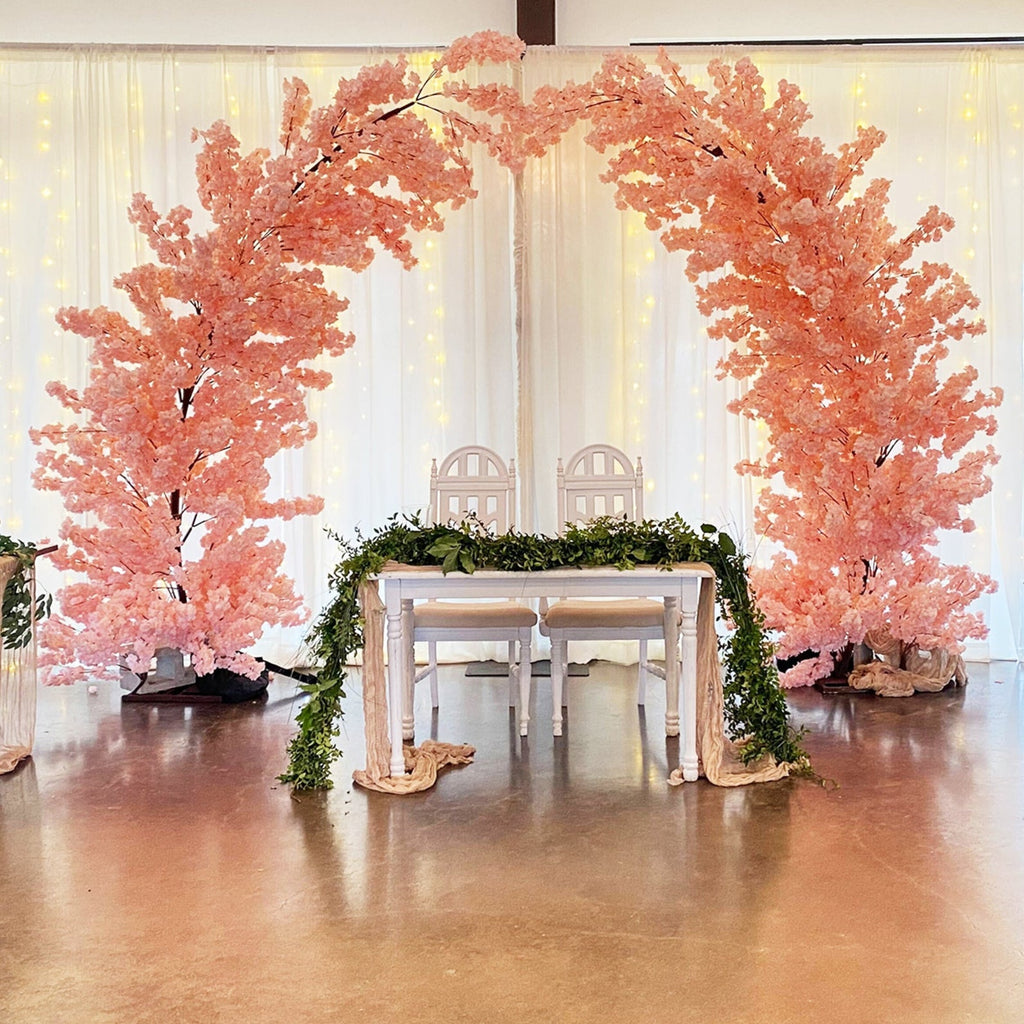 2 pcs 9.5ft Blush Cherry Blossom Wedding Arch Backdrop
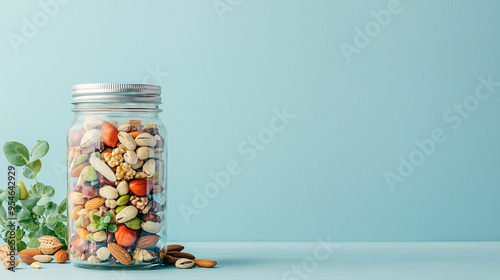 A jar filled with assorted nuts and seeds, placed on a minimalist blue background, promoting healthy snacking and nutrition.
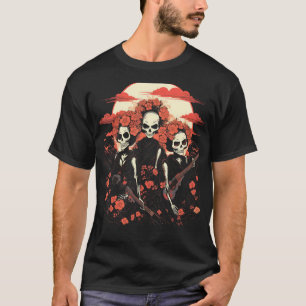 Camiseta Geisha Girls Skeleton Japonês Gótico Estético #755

■ **Work task**
Copy the lines above exactly. Do not include pictures.

■ **Task solution**
 2 pcs 9.5ft Blush Cherry Blossom Wedding Arch Backdrop
 A jar filled with assorted nuts and seeds, placed on a minimalist blue background, promoting healthy snacking and nutrition.
 Camiseta Geisha Girls Skeleton Japonês Gótico Estético #755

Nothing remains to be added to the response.